In Brelih et al. v. The St. Paul Companies Inc. et al., a decision of Madam Justice Joan Lax of the Ontario Superior Court, it was held that the insured’s delay in reporting a claim resulted in there being no coverage under either of two claims-made policies.
Prior to action having been commenced against the insured Brelih, he had received emails from the claimants’ solicitors, indicating that the claimants were thinking about commencing an action against Brelih. (The claim seems to have something to do with a real estate transaction.)
At the time the emails were received, in early 2004, Brelih had a claims-made policy with St. Paul. In September of that year, coverage was with Lloyd’s, again on a claims-made basis.
It was not until June, 2005, when Brelih was served with a statement of claim, that he reported the matter to his insurer (Lloyd’s). It denied the claim on the basis that the events giving rise to the claim had occurred before the inception of the policy and Brelih was aware of the potential claim during that time.

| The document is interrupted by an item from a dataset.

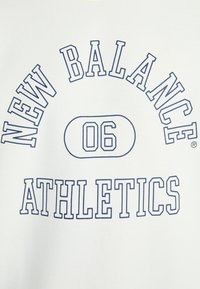 New Balance GRAPHIC CREW UNISEX - Mikina - sea salt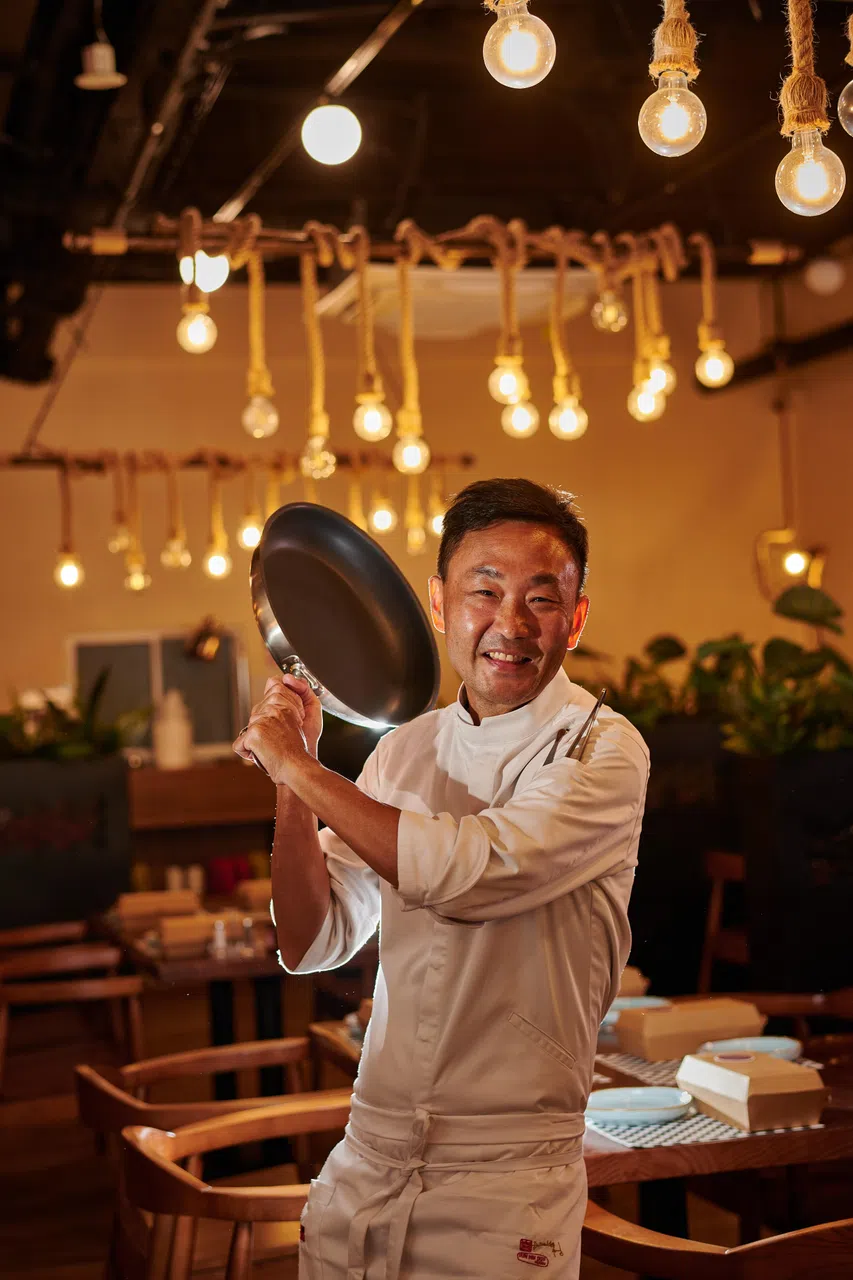 铁人名厨陈喜明为American Mass Hall亲自设计美式菜单。（餐馆提供）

So, Brelih reported the claim to his former insurer, St. Paul’s. It too denied, on the basis that the report of the claim had come after its policy had ended.

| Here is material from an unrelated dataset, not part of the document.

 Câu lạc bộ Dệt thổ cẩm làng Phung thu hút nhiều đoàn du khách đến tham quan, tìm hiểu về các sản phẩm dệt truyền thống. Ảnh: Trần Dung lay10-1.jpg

Justice Lax held that there was no coverage under either policy and that relief from forfeiture was not available under s. 129 of the Insurance Act.
She ruled that these were were “claims made and reported” policies, in which “the event triggering coverage is notice”. She said that notice was “a condition precedent to the availability of rights under the policy”.

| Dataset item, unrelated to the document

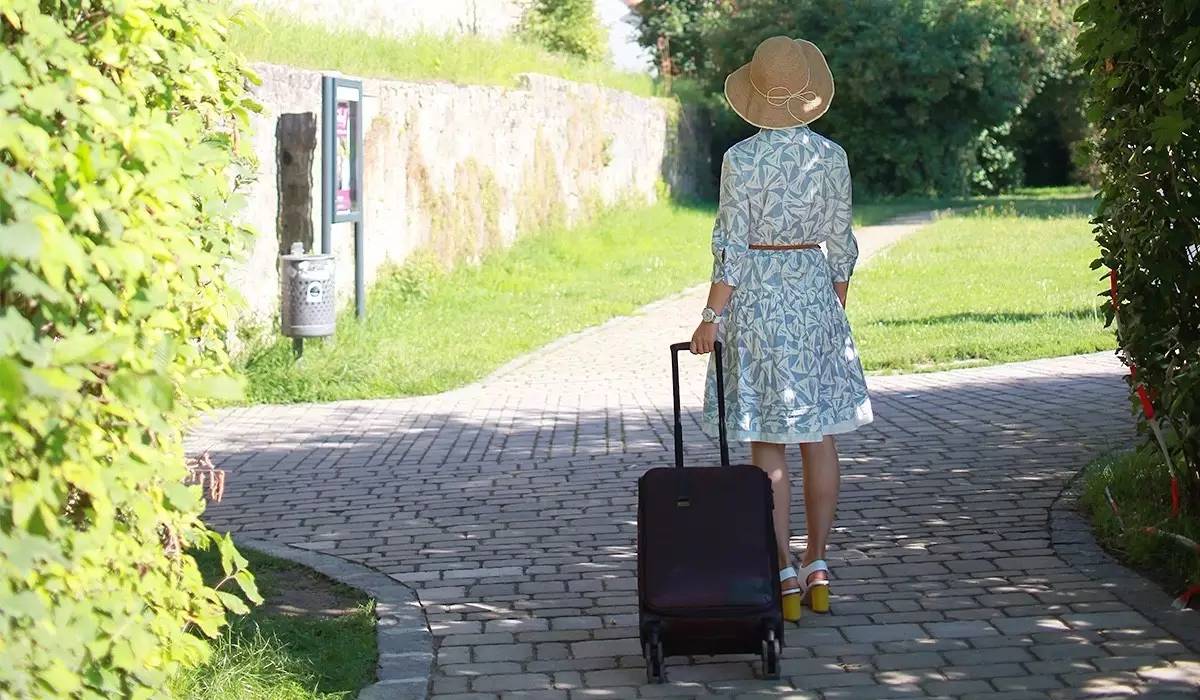 旅行箱软箱轮子拆卸教程,旅行箱带固定轮子的好吗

Justice Lax relied on a 1998 Court of Appeal decision in Stuart v. Hutchins.
In January, 2006, the Supreme Court of Canada heard argument in another case that involved claims-made policies. The case was The Jesuit Fathers of Upper Canada v. Guardian Insurance et al. So, the law pertaining to claims-made policies of insurance may undergo further refinement when the Supreme Court hands down its decision in that case.